Пацанва, услышав от начальства, что будет сам Ваня Курский (так звали одного из киногероев Алейникова) и в клуб пустят лишь ударников производства и дисциплинированных, презрительно сплевывала:
<...> Чего он здесь потерял?
У начальника колонии был потрепанный трофейный «Опель-кадет» <...>. Именно в тот день, когда надо было ехать в город за Алейниковым, автомобильчик окончательно развалился. В Ленинград пришлось послать старую полуторку-фургон с решетками на окошках и дверце. Фургон по дороге чихал, время от времени глох, и мы опоздали. Алейников стоял у подъезда в большой шубе с бобровым воротником <...>. Вокруг кучковались узнавшие любимца зрители. Петр Мартынович изумленно смотрел на тюремный транспорт. Увидев меня, захохотал:
— Конвоируешь?
Удивительная у него была улыбка — белозубая, яркая, и глаза —пушистые. Отказался сесть в кабину, залезая в фургон, сказал поклонникам:
— Забирают. — Оглядев мой колонийский вид (ватник, матерчатую ушанку, кирзачи), похлопал по спине. — Лешка, держи хвост пистолетом! Не такие горшки о наши головы бились!
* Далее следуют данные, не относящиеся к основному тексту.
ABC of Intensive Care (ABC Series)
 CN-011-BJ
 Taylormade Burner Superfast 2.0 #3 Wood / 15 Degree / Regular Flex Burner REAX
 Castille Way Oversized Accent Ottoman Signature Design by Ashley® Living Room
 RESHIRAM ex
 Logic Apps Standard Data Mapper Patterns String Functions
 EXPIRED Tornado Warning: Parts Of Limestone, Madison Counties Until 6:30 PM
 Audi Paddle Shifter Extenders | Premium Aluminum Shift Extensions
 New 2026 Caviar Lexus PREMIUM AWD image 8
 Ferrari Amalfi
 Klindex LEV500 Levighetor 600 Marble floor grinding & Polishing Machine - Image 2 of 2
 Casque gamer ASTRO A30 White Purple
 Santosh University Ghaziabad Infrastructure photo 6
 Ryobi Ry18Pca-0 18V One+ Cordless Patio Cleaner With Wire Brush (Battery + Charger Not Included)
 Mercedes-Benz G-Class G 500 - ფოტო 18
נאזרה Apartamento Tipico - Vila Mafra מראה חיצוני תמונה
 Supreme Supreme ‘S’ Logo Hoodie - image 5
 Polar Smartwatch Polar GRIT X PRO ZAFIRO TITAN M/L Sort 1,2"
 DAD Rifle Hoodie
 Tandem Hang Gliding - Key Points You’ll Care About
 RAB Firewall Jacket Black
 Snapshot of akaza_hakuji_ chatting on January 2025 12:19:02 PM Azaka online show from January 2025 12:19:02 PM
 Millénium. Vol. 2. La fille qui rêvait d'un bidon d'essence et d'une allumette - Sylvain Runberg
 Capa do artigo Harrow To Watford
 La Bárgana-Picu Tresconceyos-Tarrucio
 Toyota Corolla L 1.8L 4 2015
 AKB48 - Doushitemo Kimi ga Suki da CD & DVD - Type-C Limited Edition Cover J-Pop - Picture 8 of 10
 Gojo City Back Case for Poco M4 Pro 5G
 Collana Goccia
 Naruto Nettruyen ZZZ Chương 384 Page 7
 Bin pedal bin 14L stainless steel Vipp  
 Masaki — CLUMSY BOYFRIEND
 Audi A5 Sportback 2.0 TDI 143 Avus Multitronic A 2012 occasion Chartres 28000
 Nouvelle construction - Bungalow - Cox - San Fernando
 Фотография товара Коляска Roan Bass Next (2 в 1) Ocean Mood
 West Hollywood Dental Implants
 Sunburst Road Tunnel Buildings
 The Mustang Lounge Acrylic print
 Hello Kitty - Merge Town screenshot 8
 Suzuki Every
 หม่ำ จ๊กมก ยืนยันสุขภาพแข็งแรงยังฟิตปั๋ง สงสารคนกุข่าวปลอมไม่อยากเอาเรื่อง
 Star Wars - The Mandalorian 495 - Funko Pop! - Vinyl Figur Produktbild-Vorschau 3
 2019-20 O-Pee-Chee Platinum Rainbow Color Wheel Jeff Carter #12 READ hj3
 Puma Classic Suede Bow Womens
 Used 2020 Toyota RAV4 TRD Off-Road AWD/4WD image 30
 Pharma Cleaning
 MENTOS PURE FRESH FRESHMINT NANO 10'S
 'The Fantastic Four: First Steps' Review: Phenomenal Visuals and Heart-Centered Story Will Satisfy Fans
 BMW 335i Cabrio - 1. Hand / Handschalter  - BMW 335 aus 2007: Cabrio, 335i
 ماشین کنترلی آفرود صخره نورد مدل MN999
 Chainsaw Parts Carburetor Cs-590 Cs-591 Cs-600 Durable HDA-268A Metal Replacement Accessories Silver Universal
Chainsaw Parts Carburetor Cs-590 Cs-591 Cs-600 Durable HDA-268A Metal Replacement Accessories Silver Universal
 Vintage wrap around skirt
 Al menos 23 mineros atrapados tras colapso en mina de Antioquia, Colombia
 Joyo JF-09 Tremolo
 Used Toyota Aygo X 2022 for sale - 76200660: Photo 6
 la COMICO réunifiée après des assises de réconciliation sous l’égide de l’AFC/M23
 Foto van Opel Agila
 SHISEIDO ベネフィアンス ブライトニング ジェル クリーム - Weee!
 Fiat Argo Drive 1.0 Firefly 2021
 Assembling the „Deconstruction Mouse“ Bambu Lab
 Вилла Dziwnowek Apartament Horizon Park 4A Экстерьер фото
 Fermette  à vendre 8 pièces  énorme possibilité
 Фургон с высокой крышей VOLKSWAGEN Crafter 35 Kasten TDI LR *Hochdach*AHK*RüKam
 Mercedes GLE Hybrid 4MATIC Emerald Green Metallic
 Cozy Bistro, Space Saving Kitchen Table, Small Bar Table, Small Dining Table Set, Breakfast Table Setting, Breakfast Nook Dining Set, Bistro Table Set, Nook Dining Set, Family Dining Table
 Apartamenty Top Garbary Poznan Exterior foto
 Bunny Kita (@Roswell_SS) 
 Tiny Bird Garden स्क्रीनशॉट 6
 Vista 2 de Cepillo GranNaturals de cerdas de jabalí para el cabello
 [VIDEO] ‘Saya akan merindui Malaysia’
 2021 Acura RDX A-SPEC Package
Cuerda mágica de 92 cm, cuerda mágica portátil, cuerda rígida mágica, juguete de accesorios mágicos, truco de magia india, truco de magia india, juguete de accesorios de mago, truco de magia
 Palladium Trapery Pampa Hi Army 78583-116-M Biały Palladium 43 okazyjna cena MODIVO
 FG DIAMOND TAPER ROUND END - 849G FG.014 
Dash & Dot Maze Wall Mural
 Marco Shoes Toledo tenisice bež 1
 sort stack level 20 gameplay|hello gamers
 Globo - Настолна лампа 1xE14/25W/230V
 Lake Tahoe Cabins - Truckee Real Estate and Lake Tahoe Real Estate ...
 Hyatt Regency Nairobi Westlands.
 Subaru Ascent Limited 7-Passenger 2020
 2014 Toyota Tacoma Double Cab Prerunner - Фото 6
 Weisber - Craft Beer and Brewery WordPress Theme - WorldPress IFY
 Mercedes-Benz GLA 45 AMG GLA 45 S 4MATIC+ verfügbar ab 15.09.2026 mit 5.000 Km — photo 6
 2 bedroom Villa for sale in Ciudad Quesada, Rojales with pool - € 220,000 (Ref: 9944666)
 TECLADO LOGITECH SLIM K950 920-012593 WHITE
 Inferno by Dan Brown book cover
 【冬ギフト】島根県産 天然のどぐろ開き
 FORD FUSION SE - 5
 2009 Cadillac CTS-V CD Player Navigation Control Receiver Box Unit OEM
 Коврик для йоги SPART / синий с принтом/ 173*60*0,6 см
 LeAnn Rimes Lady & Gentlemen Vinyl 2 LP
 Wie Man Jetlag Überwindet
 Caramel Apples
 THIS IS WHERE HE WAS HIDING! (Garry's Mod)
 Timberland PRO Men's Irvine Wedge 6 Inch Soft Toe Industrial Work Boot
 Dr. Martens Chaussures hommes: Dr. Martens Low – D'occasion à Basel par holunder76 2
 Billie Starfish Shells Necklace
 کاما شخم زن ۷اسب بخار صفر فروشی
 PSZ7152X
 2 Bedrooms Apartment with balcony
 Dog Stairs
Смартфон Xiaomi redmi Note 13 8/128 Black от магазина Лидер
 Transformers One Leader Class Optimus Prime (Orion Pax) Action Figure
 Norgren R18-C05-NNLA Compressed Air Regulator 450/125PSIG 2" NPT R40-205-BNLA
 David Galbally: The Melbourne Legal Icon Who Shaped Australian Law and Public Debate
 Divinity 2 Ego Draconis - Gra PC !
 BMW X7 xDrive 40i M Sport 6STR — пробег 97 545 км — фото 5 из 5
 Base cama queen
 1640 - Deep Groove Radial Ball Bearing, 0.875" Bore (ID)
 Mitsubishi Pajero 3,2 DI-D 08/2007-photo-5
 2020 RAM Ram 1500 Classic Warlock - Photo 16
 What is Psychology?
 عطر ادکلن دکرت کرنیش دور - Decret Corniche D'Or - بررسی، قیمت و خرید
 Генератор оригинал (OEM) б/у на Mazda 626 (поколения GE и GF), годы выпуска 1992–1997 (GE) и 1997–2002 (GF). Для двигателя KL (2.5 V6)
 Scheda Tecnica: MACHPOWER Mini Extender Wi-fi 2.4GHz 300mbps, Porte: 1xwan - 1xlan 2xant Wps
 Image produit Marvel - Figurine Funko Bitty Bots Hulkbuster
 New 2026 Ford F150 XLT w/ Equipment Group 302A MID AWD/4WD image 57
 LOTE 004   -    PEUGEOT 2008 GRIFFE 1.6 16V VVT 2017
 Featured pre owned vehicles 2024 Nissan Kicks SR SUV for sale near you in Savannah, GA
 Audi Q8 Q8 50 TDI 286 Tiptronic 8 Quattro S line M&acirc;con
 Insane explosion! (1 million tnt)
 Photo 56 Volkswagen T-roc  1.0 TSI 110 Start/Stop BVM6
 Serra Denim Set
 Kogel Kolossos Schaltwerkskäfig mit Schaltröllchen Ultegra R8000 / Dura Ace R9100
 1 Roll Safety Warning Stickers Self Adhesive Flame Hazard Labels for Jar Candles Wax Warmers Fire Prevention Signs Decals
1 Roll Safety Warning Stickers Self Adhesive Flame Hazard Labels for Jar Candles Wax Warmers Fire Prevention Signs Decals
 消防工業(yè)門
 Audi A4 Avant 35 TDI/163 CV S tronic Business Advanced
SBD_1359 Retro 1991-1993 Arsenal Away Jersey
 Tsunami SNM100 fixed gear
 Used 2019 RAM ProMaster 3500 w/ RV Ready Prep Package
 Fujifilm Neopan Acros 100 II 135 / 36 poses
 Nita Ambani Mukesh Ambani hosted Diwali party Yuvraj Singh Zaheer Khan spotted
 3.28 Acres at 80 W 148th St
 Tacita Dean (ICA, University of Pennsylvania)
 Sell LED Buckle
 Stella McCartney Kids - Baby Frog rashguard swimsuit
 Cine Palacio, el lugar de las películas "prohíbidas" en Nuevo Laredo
Пацаны, увидев «живого» Ваню Курского, выли от восторга, орали, топали ногами, свистели. Алейников, не сняв шубы (на сцене было холодно), стоял, широко расставив ноги; пушистые глаза наполнялись слезами; он по-детски тыльной стороной руки вытер щеки, заложил два пальца в рот и оглушительно свистнул.
Менакер Л. Волшебный фонарь. СПб.: Лики России, 1998.